_PROBLEM REQUIREMENTS:_ Without any pictures, print the lines below from the one that has "irish shamrock and" through the one that has "- 粉色 - 查看 5", exactly and nothing else.
BEGIN INFORMATION GIVEN
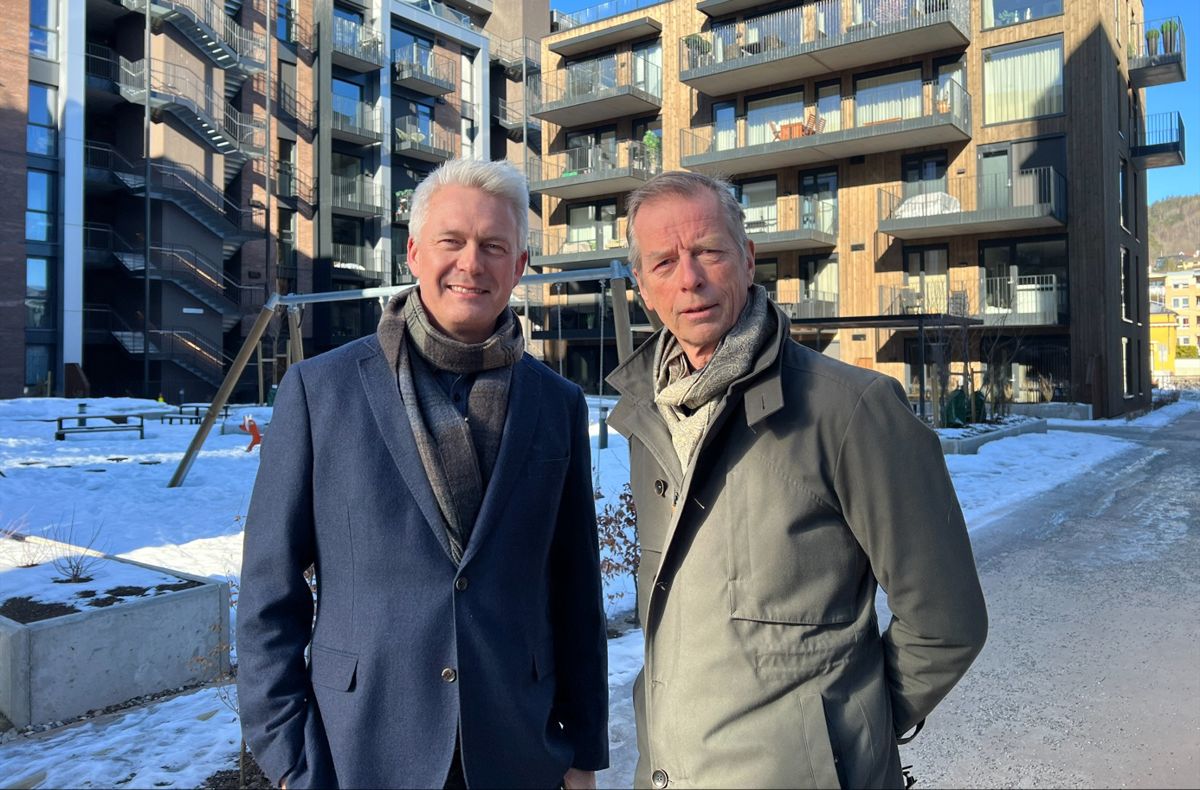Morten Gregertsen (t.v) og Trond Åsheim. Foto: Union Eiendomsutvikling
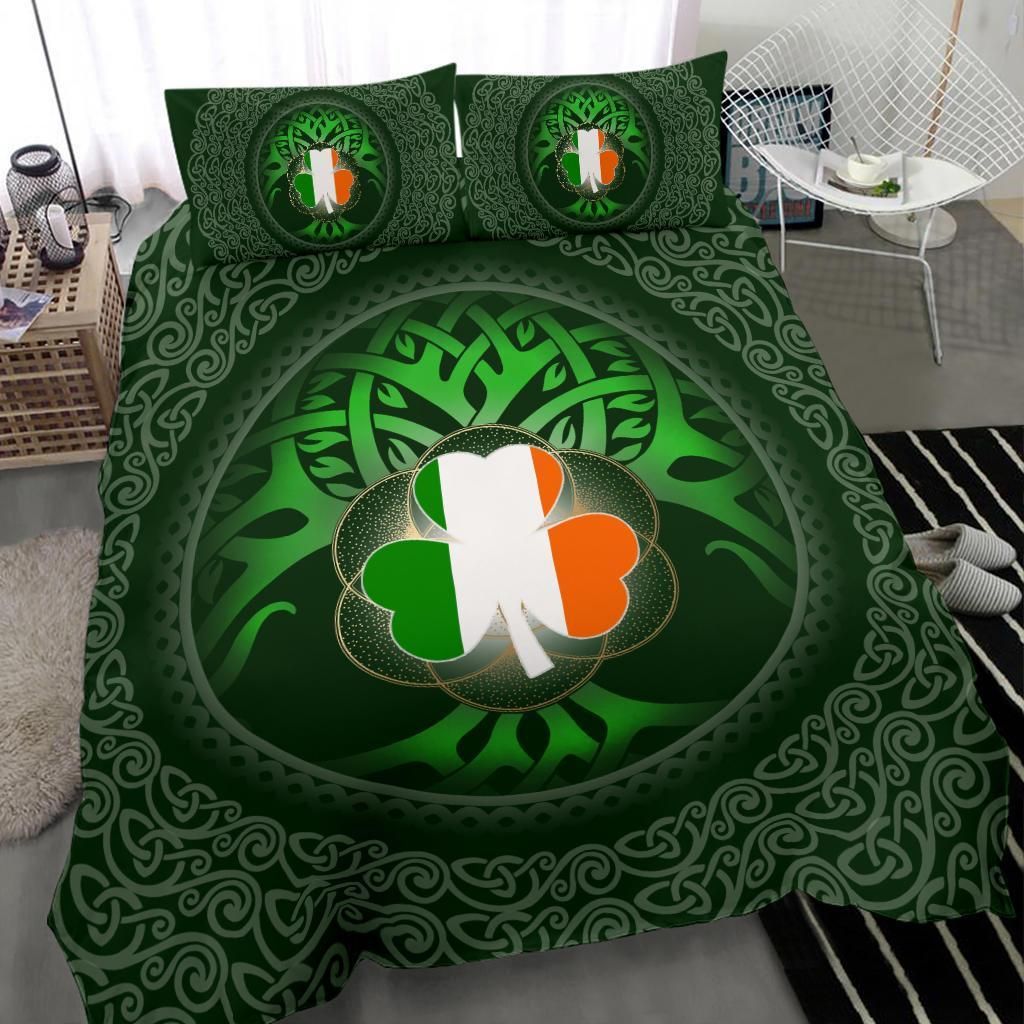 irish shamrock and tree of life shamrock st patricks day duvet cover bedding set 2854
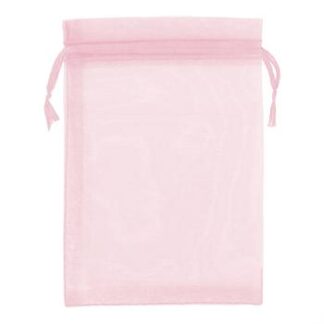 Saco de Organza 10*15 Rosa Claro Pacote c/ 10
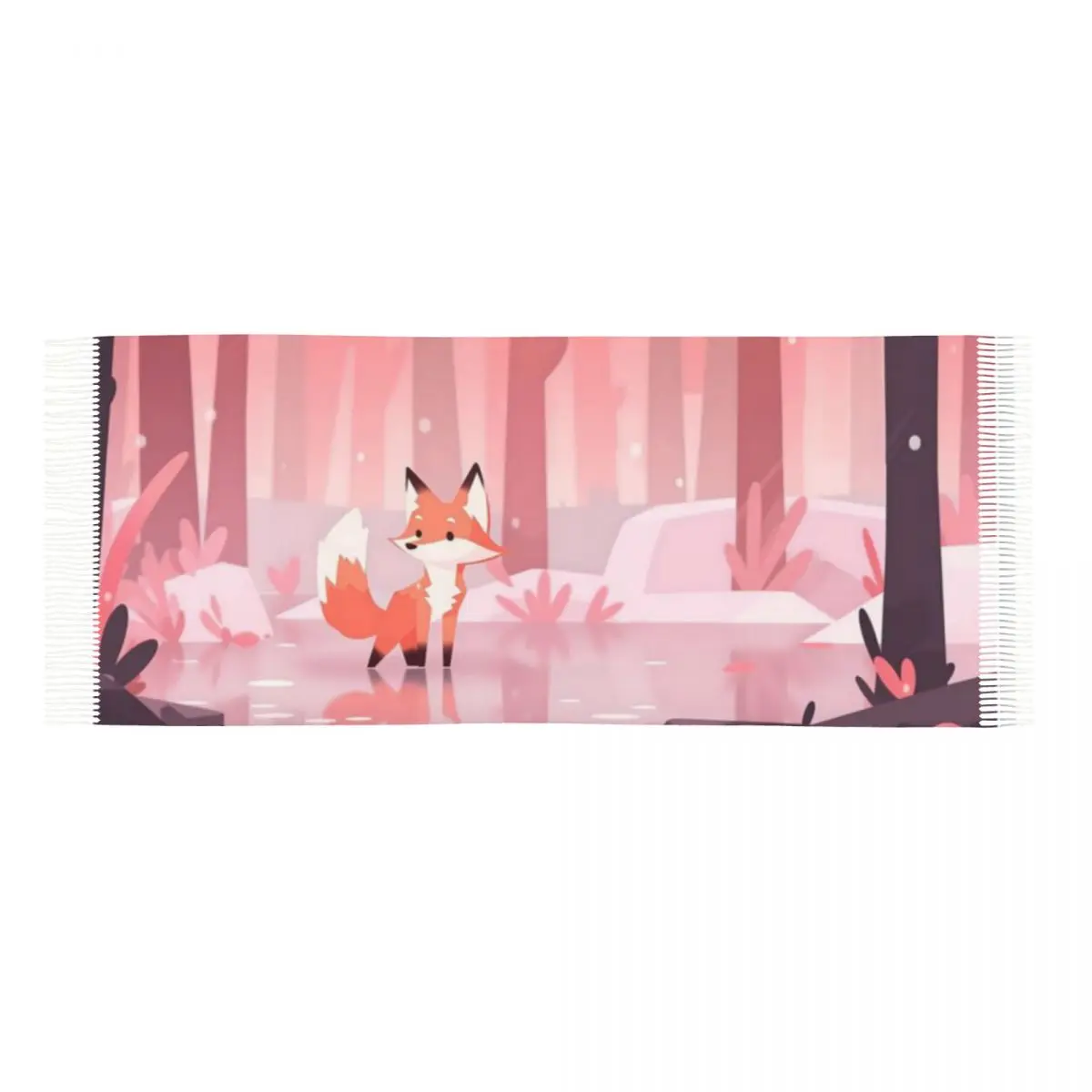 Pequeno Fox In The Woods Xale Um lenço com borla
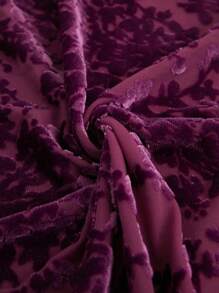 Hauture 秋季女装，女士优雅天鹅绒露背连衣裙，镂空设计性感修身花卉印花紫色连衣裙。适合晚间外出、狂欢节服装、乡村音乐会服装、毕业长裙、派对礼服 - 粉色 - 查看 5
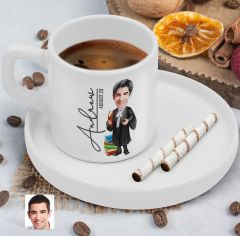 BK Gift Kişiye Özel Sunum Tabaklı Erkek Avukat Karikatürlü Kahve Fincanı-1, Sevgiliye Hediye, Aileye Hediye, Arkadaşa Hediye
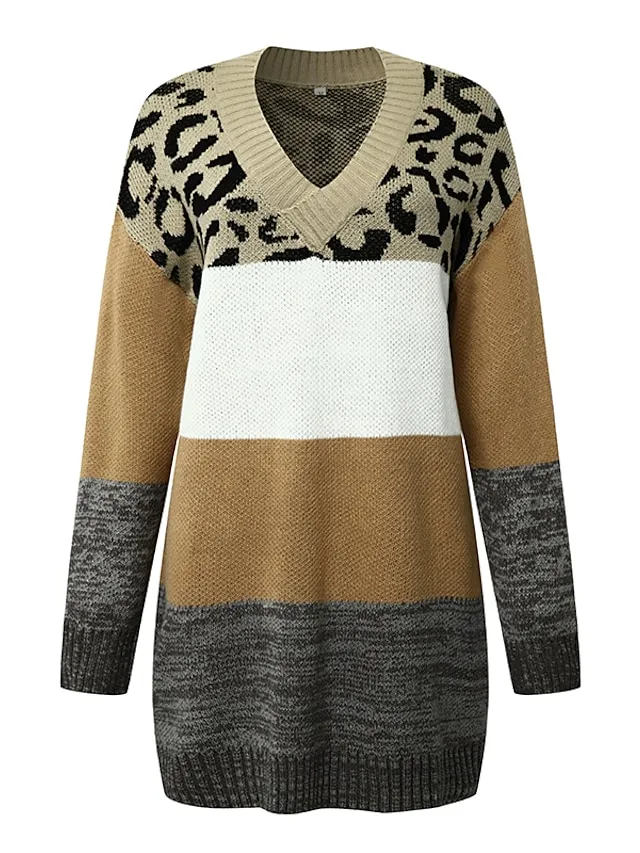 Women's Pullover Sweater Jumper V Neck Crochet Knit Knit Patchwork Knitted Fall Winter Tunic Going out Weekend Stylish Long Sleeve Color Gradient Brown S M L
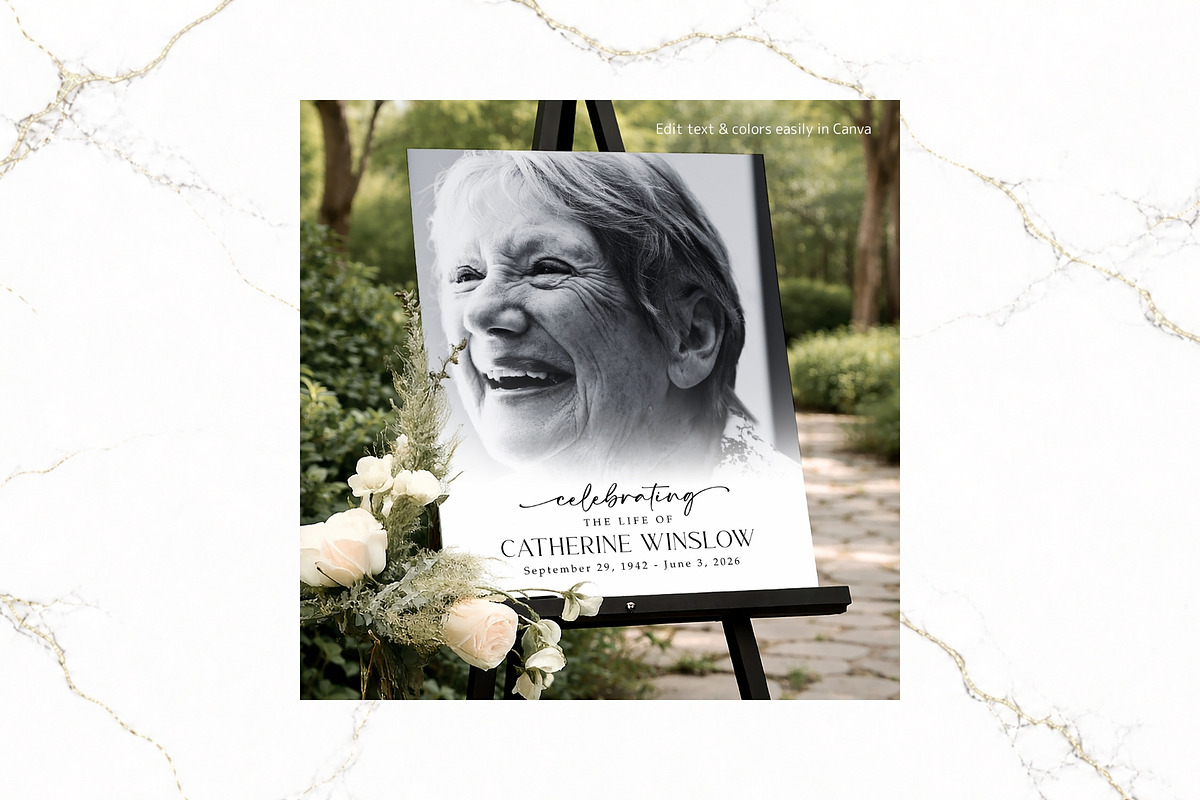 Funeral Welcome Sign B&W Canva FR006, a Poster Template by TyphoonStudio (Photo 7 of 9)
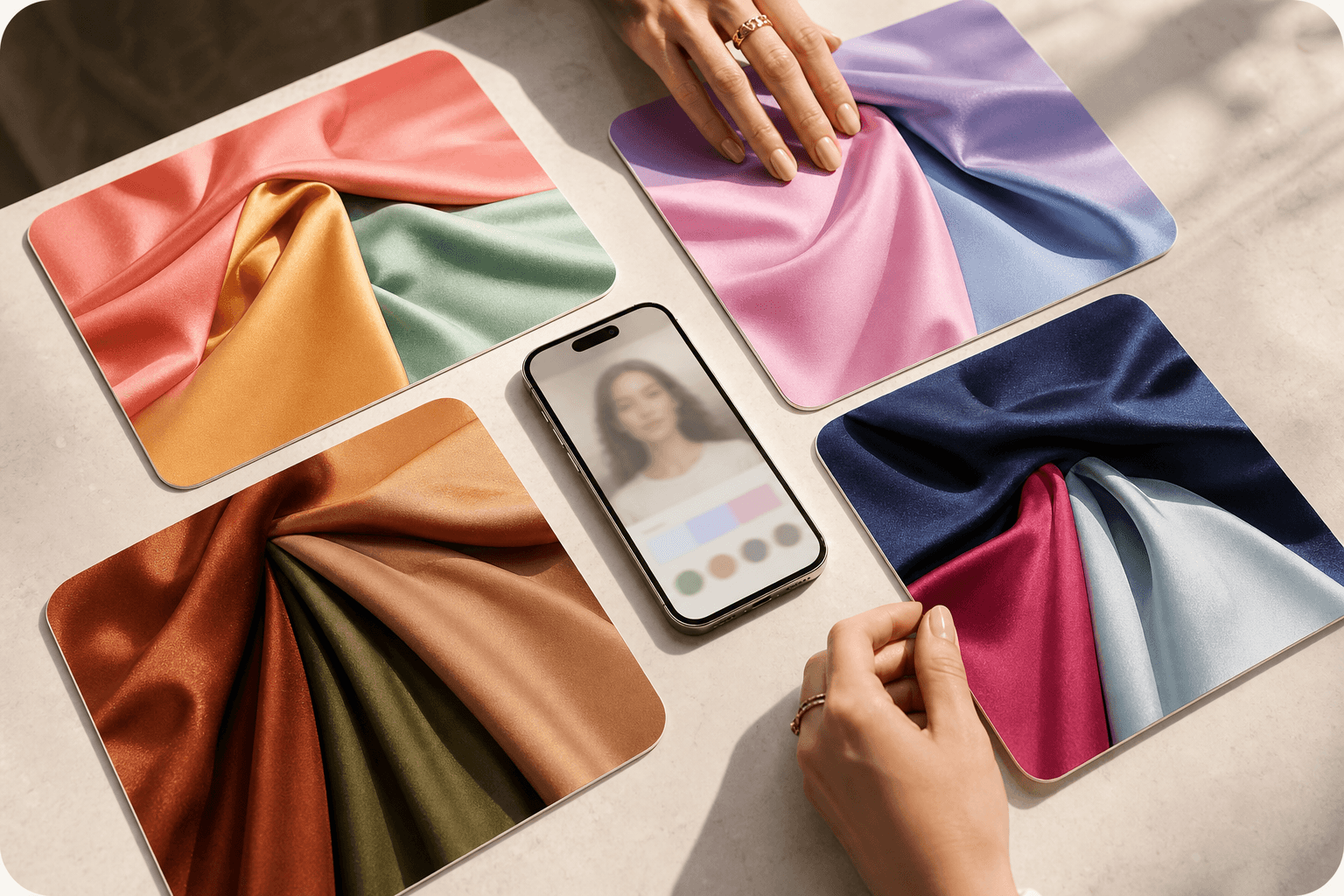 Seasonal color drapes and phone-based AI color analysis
END INFORMATION GIVEN
_RESULT OF THIS TASK:_
 irish shamrock and tree of life shamrock st patricks day duvet cover bedding set 2854
 Saco de Organza 10*15 Rosa Claro Pacote c/ 10
 Pequeno Fox In The Woods Xale Um lenço com borla
 Hauture 秋季女装，女士优雅天鹅绒露背连衣裙，镂空设计性感修身花卉印花紫色连衣裙。适合晚间外出、狂欢节服装、乡村音乐会服装、毕业长裙、派对礼服 - 粉色 - 查看 5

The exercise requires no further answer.